The constitutional analysis also has a geographical limit, according to the court, because as a general rule a state did not have “a legitimate concern in imposing punitive damages to punish a defendant for unlawful acts committed outside of the state’s jurisdiction.” Id. at 25.

Turning to the second Gore guidepost, the ratio between the compensatory award and the punitive damages award, the Supreme Court went further than it had ever gone before in suggesting a ratio which a punitive damages award should not exceed. The court traced the 700-year history of civil litigation awards designed to sanction and found them largely limited to double, treble or quadruple damages. In fact, according to the court, “[o]ur jurisprudence and the principles it has now established demonstrate — that, in practice, few awards exceeding a single-digit ratio between punitive and compensatory damages, to a significant degree, will satisfy due process.” Id. at *31. Acknowledging that a higher ratio may be upheld where “a particularly egregious act has resulted in only a small amount of economic damages,” the court added, importantly, that “[t]he converse is also true. — When compensatory damages are substantial, then a lesser ratio, perhaps only equal to compensatory damages, can reach the outer most limit of the due process guaranteed.” Id.

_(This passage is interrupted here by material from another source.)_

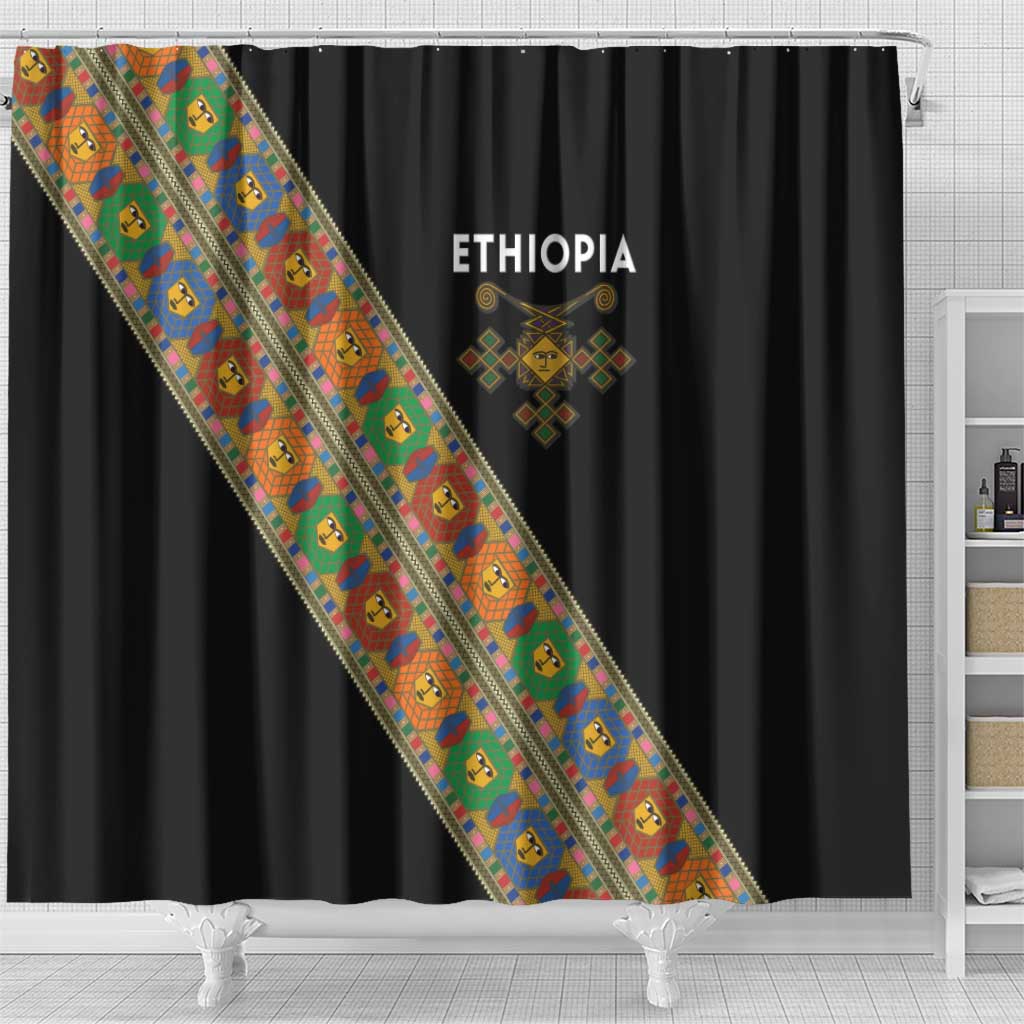 Ethiopia Saba Kemis Sash Style Shower Curtain Black Color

The court held that the 145:1 ratio applicable in Campbell violated due process. Noting that the Campbells had been awarded $1 million for a year and a half of emotional distress, the court held that, “[a] application of the Gore guideposts to the facts of this case, especially in light of the substantial compensatory damages awarded (a portion of which contained a punitive element), likely would justify a punitive damages award at or near the amount of compensatory damages.” Id. at *37-*38.

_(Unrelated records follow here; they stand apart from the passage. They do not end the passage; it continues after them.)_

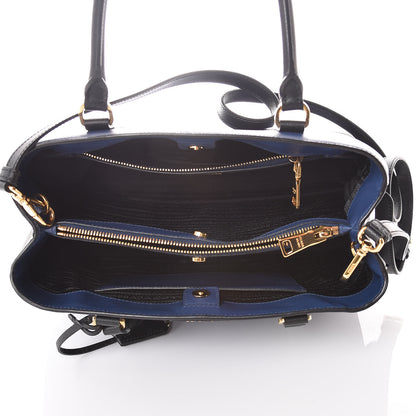Prada Saffiano Lux Bi-Color Medium Tote Bluette Black 6 of 13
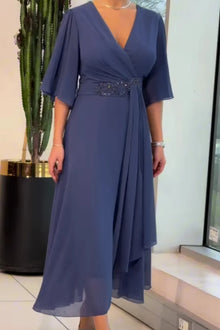 Bhagya - Elegantes langes Chiffon Kleid Mit V-Ausschnitt – Blau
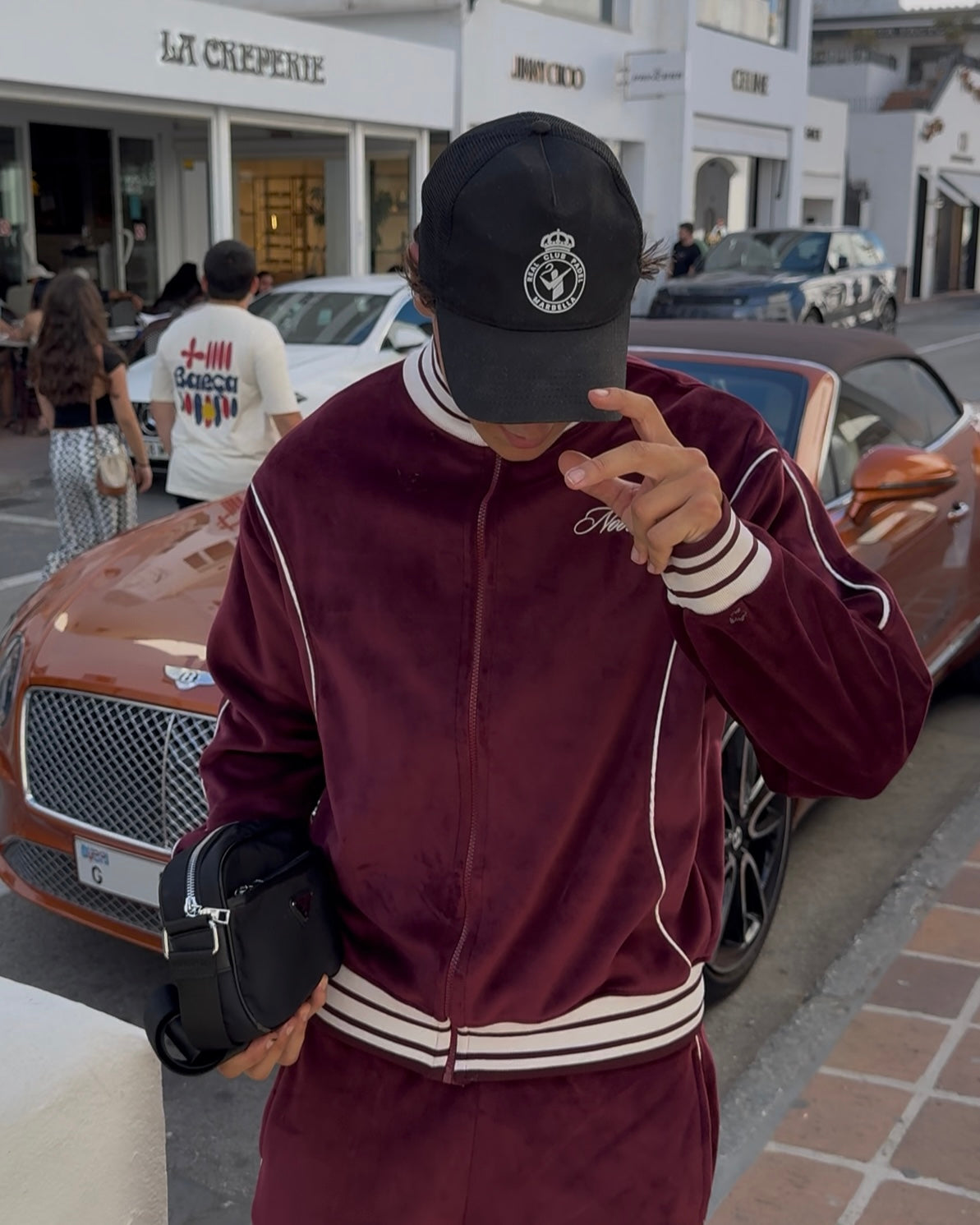 Velour Track Jacket Red Velvet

Addressing the third Gore guidepost, comparing the punitive damages award to civil penalties permissible in comparable cases, the court cautioned against using the civil process to assess criminal penalties, holding that application of this guidepost should focus on a penalty the defendant realistically could have expected to face, and not the highest penalty theoretically possible. The court held that the most relevant civil sanction under Utah state law was a $10,000 fine for an act of fraud, which, the court reasoned, was far from the punitive award upheld by the Utah Supreme Court.